**PROBLEM STATEMENT:**
Both the line below containing "Ssd накопитель Netac" and the line containing "Old Wrought Two", along with every line between them, should be repeated exactly; no other line belongs in the answer.
━━━ ENTRIES SUPPLIED ━━━
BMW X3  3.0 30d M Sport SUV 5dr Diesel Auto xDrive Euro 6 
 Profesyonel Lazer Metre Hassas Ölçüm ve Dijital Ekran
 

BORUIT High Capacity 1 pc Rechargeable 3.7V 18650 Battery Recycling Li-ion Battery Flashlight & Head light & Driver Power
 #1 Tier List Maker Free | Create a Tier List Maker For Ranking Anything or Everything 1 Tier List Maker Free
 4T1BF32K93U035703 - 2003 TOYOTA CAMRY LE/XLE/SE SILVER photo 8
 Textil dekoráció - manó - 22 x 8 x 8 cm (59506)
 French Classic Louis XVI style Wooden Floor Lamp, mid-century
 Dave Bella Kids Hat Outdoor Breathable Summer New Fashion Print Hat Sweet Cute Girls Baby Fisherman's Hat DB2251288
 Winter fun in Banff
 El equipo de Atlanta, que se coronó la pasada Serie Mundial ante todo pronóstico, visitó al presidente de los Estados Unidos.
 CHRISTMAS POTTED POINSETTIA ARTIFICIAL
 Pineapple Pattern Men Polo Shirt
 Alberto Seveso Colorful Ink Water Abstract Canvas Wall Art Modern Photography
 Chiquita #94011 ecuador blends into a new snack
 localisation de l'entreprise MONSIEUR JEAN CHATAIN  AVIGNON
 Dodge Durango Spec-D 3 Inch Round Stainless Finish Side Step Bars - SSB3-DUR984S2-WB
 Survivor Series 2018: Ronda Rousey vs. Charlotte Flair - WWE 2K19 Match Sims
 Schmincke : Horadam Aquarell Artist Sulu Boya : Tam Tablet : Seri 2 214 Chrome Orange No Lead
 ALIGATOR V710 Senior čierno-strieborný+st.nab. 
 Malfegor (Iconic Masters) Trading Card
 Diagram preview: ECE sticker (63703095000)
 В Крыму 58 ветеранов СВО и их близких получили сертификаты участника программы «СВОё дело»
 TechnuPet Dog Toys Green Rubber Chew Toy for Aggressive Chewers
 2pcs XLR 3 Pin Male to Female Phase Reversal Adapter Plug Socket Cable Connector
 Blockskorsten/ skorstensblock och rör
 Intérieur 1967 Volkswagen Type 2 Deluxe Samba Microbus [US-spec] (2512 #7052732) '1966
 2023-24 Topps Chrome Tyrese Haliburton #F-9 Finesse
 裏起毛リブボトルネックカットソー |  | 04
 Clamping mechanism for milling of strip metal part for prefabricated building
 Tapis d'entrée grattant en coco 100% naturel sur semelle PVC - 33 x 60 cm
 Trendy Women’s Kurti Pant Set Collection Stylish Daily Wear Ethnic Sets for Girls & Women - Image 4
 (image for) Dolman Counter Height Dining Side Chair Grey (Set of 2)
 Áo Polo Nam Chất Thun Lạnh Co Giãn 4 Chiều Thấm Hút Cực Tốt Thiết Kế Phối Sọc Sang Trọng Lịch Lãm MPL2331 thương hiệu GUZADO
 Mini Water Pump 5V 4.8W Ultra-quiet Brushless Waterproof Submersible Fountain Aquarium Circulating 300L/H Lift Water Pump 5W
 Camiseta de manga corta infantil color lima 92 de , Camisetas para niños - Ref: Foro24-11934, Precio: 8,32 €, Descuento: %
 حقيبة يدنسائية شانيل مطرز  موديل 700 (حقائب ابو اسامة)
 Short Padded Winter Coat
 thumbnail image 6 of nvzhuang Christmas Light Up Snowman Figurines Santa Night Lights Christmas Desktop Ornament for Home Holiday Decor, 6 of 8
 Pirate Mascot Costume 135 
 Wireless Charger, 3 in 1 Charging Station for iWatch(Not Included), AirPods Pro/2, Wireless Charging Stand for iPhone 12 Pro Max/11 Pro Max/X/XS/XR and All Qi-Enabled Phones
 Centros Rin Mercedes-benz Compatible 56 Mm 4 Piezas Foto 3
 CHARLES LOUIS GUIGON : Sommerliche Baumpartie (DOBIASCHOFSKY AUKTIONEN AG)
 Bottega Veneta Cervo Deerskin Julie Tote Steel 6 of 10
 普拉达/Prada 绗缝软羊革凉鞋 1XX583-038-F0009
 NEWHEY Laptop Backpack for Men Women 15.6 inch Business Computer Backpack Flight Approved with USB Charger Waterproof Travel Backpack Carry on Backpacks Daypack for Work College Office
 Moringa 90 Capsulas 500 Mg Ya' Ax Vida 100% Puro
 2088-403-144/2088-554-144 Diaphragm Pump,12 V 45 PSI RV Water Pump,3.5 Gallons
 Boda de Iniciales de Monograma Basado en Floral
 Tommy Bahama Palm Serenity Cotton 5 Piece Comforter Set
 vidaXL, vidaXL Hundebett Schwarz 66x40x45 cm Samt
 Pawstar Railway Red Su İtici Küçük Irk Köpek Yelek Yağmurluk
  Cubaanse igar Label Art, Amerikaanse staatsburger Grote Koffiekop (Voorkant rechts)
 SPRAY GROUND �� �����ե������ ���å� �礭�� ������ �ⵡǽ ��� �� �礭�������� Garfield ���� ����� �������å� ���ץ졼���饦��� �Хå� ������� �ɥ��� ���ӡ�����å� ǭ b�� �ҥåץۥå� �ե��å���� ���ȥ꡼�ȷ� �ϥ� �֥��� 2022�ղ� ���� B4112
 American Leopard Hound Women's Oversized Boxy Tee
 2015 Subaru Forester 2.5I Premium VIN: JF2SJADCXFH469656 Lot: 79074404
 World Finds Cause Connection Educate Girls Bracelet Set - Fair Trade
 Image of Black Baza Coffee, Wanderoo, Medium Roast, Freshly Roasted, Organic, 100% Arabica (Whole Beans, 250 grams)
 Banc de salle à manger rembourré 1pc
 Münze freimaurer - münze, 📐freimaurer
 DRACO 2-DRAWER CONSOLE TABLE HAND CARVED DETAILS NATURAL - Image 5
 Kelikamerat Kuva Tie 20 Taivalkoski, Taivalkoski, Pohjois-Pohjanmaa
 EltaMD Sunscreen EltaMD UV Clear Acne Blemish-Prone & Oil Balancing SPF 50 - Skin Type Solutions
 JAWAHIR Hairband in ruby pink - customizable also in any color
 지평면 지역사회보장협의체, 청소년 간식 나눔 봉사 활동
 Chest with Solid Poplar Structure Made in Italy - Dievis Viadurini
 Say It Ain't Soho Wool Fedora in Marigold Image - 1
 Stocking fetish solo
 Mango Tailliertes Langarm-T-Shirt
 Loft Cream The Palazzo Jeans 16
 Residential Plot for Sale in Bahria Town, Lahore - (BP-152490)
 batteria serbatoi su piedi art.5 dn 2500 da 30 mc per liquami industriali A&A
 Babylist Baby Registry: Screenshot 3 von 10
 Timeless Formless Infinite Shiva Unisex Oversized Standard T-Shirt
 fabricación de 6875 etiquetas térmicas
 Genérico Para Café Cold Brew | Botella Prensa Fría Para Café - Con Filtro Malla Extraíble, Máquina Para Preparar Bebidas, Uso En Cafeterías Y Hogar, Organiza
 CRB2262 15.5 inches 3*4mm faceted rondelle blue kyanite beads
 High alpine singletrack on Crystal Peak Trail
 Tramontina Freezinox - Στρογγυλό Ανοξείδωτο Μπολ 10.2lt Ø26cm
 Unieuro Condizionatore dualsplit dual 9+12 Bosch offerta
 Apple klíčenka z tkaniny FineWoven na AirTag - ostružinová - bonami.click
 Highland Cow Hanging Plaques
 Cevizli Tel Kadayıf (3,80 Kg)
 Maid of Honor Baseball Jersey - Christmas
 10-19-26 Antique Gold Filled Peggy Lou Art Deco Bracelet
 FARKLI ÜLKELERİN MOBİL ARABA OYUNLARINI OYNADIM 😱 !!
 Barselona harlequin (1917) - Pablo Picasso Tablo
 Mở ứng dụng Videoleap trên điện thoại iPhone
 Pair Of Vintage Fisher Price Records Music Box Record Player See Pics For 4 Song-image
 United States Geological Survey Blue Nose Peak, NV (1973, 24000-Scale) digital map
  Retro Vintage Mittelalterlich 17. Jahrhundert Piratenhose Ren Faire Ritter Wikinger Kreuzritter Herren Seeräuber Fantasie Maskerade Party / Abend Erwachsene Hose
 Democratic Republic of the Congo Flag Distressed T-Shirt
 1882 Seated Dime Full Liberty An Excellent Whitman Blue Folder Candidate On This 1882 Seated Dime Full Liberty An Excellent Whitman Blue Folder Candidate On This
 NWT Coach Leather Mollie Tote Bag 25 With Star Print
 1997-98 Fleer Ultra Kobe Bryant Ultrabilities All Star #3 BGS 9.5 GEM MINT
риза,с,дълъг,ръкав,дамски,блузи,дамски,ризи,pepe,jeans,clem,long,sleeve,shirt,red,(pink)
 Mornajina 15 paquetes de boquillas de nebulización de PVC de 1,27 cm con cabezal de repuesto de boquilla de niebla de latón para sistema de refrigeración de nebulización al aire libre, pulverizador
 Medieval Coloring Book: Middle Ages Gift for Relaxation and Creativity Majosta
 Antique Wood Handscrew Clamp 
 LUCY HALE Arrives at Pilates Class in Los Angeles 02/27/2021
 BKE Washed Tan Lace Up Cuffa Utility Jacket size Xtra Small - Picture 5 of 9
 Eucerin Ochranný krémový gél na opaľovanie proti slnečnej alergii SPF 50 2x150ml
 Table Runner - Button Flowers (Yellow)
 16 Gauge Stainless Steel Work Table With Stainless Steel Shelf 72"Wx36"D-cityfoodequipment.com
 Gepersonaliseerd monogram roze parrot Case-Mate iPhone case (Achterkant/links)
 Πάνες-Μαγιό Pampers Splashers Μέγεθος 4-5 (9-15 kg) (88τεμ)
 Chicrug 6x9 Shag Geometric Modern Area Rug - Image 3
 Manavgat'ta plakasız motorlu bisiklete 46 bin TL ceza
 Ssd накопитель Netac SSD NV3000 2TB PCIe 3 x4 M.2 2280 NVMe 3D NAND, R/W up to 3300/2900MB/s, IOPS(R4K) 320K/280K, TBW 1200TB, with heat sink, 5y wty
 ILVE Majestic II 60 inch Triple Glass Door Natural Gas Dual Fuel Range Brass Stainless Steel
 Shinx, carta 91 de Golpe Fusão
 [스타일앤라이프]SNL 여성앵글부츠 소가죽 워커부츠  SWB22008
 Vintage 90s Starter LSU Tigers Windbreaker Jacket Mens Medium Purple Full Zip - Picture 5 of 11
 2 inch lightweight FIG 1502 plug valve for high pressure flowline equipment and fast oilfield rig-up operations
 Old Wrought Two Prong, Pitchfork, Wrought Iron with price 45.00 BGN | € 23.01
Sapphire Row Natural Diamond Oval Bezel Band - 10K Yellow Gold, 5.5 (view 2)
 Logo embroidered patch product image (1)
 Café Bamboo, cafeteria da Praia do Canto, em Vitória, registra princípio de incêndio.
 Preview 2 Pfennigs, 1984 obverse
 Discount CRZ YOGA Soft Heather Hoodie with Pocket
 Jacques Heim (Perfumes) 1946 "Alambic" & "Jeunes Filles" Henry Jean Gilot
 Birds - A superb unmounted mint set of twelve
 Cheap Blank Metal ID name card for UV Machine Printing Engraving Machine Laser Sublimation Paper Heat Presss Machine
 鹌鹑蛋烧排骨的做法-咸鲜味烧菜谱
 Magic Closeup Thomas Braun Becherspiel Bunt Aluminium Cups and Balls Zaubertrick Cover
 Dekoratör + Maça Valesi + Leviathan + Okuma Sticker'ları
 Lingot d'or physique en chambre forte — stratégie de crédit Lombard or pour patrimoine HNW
━━━
**RESULT OF THE TASK:**
 Ssd накопитель Netac SSD NV3000 2TB PCIe 3 x4 M.2 2280 NVMe 3D NAND, R/W up to 3300/2900MB/s, IOPS(R4K) 320K/280K, TBW 1200TB, with heat sink, 5y wty
 ILVE Majestic II 60 inch Triple Glass Door Natural Gas Dual Fuel Range Brass Stainless Steel
 Shinx, carta 91 de Golpe Fusão
 [스타일앤라이프]SNL 여성앵글부츠 소가죽 워커부츠  SWB22008
 Vintage 90s Starter LSU Tigers Windbreaker Jacket Mens Medium Purple Full Zip - Picture 5 of 11
 2 inch lightweight FIG 1502 plug valve for high pressure flowline equipment and fast oilfield rig-up operations
 Old Wrought Two Prong, Pitchfork, Wrought Iron with price 45.00 BGN | € 23.01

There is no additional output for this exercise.